> Try it
From the listing below, how many lines hold the word "Saint"? Write only the number.

> Dataset entries
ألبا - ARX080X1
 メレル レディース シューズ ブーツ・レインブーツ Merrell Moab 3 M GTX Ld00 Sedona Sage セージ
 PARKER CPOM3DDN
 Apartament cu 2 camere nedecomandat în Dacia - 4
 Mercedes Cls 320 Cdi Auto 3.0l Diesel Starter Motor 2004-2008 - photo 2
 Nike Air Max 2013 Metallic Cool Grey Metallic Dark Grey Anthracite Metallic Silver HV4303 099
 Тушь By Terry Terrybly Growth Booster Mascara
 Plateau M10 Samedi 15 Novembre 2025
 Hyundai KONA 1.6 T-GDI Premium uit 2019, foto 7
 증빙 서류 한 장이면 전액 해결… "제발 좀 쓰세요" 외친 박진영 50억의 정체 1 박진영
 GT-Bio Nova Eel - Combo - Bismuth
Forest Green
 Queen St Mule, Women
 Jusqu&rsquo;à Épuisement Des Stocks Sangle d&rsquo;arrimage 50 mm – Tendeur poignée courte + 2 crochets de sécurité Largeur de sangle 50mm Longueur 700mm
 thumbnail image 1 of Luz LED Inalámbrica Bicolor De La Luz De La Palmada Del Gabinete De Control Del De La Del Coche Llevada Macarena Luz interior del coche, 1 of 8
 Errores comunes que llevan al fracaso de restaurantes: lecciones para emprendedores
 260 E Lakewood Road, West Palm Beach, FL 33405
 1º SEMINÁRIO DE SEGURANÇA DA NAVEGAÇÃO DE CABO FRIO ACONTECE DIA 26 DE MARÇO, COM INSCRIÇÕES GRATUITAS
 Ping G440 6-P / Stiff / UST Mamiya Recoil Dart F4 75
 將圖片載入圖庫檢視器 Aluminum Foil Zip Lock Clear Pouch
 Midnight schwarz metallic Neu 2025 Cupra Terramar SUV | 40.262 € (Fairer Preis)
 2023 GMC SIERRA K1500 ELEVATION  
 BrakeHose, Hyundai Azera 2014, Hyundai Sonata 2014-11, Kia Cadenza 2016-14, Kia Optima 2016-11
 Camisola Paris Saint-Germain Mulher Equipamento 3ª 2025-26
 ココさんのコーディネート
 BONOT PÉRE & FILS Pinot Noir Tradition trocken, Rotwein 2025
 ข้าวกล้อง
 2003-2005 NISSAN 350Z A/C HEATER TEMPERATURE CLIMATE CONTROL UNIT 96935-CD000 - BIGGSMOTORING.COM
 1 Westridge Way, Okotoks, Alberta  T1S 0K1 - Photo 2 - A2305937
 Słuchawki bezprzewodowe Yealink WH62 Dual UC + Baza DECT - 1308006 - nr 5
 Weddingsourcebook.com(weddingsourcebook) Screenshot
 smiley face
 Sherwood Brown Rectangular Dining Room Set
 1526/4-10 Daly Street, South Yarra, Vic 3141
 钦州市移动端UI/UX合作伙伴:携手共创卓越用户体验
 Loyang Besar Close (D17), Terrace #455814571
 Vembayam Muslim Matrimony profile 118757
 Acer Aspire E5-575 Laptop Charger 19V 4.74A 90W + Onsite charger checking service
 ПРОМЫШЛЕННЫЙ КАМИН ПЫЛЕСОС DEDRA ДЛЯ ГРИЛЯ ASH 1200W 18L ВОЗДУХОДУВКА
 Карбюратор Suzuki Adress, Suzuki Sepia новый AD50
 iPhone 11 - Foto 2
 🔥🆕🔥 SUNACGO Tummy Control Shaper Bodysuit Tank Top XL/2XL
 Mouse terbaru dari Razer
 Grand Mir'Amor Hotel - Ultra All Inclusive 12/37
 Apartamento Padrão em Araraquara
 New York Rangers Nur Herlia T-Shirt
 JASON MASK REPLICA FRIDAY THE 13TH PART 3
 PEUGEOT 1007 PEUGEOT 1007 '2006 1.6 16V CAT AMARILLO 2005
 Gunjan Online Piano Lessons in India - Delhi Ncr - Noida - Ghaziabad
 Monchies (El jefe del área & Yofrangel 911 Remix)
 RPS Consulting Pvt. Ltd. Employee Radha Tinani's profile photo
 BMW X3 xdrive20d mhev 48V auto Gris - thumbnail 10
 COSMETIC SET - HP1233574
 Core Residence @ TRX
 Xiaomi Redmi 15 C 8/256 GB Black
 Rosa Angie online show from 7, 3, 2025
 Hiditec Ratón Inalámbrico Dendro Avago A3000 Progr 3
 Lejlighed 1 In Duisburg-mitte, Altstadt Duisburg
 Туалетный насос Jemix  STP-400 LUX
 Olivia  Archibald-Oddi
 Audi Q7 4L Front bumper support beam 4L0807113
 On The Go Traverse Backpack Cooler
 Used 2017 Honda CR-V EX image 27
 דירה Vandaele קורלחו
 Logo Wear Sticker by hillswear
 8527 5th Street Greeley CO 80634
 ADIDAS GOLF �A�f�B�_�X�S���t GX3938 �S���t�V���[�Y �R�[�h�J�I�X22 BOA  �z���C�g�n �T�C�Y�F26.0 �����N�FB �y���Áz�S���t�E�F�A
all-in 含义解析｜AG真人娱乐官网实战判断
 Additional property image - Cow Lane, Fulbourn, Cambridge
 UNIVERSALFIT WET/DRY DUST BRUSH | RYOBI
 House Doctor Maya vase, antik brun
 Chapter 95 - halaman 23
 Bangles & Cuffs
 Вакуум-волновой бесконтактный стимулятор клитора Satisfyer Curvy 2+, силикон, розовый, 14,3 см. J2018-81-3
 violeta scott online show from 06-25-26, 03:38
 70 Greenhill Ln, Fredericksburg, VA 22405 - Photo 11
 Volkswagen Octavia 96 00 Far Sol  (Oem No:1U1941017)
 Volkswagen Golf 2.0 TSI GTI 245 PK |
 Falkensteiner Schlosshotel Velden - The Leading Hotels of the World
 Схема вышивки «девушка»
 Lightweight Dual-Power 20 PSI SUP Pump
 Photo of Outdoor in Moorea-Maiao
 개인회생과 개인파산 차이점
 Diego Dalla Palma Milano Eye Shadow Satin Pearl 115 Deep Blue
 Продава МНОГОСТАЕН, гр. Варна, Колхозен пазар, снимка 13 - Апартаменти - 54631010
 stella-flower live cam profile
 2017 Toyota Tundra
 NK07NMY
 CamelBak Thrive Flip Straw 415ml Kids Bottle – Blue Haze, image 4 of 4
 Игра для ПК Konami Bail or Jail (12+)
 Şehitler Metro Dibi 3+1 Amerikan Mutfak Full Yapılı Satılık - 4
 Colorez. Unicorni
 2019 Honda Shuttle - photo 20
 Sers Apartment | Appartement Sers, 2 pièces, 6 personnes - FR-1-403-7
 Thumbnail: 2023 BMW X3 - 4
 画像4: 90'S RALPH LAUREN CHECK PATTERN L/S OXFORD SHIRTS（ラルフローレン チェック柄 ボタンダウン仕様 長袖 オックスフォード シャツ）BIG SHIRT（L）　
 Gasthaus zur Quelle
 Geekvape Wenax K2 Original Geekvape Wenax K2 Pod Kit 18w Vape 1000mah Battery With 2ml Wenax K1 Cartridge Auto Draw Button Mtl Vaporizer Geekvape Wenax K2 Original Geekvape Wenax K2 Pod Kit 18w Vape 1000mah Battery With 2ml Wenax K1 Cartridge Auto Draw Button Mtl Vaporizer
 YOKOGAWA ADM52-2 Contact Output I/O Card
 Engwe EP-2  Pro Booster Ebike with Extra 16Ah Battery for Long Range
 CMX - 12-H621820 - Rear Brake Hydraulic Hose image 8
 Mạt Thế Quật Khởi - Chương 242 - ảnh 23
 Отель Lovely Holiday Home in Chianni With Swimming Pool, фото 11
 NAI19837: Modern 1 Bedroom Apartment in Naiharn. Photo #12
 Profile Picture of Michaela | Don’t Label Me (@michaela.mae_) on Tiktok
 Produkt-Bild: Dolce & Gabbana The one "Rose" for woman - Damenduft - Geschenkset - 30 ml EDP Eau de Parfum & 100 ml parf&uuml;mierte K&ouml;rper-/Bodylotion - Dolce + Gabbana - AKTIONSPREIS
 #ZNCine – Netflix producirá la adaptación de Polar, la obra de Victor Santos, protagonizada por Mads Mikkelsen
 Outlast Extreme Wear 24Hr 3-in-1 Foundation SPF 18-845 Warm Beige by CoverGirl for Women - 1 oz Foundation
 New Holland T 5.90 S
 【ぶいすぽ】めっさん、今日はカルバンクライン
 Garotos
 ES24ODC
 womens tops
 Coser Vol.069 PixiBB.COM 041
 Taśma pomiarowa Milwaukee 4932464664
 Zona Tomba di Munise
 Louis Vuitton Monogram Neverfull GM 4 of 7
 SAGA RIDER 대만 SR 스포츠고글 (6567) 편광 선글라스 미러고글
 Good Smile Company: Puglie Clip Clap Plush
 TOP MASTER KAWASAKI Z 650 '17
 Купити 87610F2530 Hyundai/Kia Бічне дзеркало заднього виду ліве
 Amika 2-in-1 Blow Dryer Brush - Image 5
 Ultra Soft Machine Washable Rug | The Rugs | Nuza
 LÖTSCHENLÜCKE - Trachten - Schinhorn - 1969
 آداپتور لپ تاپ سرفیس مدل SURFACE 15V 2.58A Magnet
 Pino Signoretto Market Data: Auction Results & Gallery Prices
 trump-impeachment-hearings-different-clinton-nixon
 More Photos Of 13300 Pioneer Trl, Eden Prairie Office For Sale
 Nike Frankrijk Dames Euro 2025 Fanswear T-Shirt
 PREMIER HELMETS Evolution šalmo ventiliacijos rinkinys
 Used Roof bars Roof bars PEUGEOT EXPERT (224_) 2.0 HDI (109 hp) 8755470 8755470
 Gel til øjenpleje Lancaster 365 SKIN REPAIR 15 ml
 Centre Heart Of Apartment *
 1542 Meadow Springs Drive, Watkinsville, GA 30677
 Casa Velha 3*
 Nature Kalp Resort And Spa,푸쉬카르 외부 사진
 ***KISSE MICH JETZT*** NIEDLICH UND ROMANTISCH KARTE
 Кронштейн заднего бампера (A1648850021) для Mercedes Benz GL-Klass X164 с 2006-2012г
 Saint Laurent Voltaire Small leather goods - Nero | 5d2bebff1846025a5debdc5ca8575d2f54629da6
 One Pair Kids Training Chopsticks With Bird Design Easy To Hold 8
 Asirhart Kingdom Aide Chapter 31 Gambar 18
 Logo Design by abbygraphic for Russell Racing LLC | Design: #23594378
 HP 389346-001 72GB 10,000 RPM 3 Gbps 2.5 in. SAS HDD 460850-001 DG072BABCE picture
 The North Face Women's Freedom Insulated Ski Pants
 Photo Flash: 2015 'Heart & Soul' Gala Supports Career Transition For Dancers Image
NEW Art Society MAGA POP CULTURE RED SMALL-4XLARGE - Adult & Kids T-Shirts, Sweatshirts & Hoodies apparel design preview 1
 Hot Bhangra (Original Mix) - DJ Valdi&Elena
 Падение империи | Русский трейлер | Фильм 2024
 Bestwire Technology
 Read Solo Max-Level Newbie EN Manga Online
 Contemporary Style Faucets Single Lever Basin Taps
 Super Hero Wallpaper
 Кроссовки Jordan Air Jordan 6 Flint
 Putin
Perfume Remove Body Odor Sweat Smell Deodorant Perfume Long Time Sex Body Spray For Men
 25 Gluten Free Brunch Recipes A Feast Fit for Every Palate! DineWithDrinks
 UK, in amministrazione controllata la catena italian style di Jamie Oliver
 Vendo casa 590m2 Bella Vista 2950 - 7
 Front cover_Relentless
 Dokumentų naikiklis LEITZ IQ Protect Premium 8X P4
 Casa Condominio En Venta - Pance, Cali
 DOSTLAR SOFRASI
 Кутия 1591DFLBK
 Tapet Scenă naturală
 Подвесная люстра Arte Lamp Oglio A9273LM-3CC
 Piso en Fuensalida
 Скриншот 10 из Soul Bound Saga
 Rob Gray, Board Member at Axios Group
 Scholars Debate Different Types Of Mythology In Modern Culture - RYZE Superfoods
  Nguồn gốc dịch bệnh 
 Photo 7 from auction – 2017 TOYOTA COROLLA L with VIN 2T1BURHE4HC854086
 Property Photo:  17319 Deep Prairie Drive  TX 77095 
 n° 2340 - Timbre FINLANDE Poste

> Problem solution
2